A caregiver at heart, Lucia Walters is no stranger to tackling heavy issues.
The former Squamish resident was trained as a nurse and worked at the only drug rehab clinic for pregnant women in the country at the 小蓝视频 Women's Hospital before she stepped in front of a camera.
As an actor Walters hasn't strayed from picking out meaningful and sometimes gritty projects. Recently she played an ex-drug addicted mom and a social worker and now she's penned her own feature film script entitled Hope Square.
"I want to keep doing a huge variety of roles that obviously are not degrading to women, that pass on positive messages that maybe just takes someone away out of their present state for two hours or an hour and make them feel better. That's my goal, I still like the nursing. I just want to make people feel better."

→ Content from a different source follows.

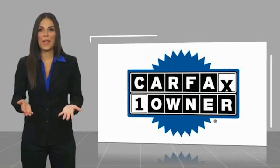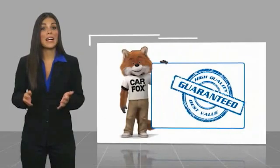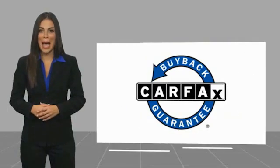This is a one owner vehicle with a Carfax vehicle history report. Be sure to find a complimentary copy of this report online or contact the dealership. This vehicle qualifies for the Carfax buyback guarantee.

Walters spends most of her time working in Vancouver on the CW network show Life Unexpected where she plays a social worker for a young foster girl named Lux who recently found her birth parents.

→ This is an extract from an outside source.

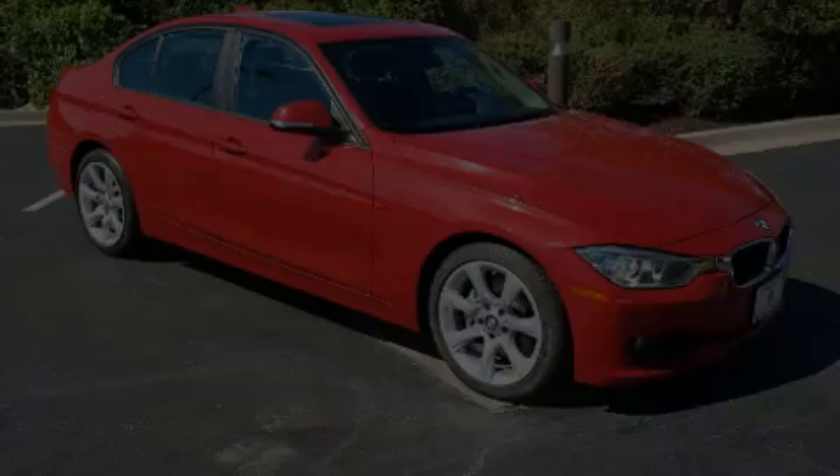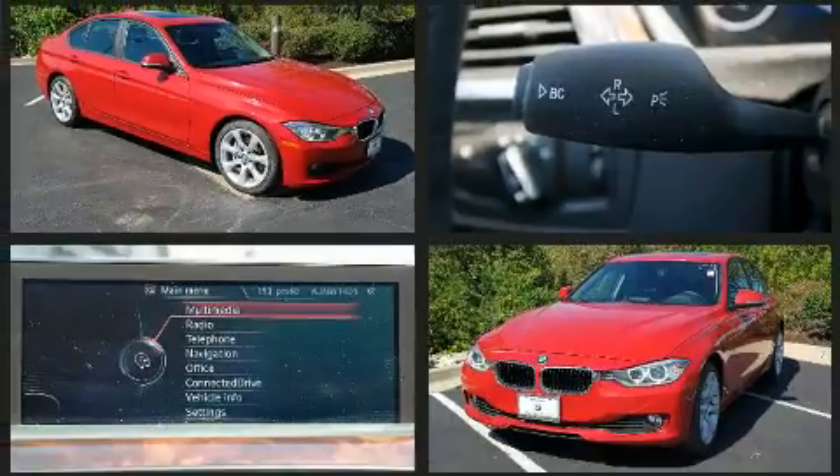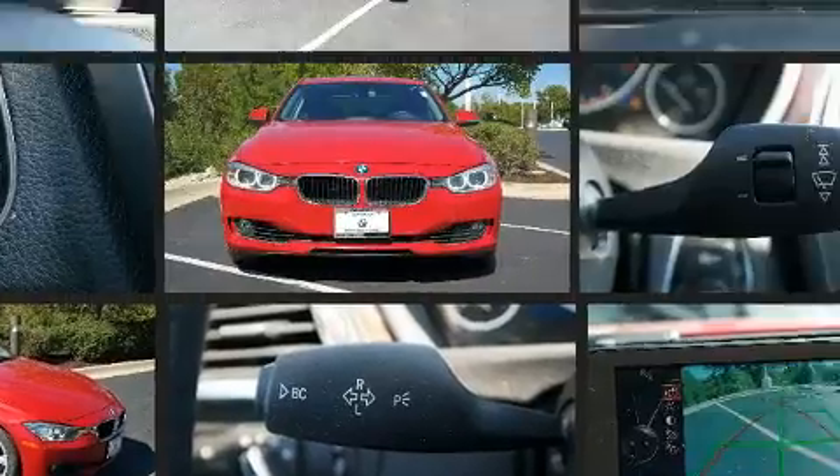Treat yourself to a test drive in the 2014 BMW 3 Series. With less than 40,000 miles on the odometer, this four-door sedan prioritizes comfort, safety, and convenience.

"[Lux is] trying to emancipate herself as a minor and her parents are trying to get into her life but they're very screwed up people so every week is a screwed up week and every week is emotional."
Life Unexpected is more down to earth and less smutty than other CW shows like Vampire Diaries, Gossip Girl and 90210, according to Walters mostly because it is written and produced by an amazing woman, Liz Tigelaar.
"She does everything. She's an amazing woman who just writes deep grounded stuff and I can't wait to see what else she's got going."
Walters said Tigelaar writes Life Unexpected from a place of great accuracy and truth because Tigelaar herself was adopted.
"She wasn't in foster care but she definitely has been around enough to have the research and have it accurate and not just assumptions."
Walters draws inspiration for her character from her personal experience with social workers while she was a nurse.
"I dealt with a lot of social workers, a lot of child issues and even within the hospital there's always social work issues for people who have economical issues," said the former Howe Sound Secondary student.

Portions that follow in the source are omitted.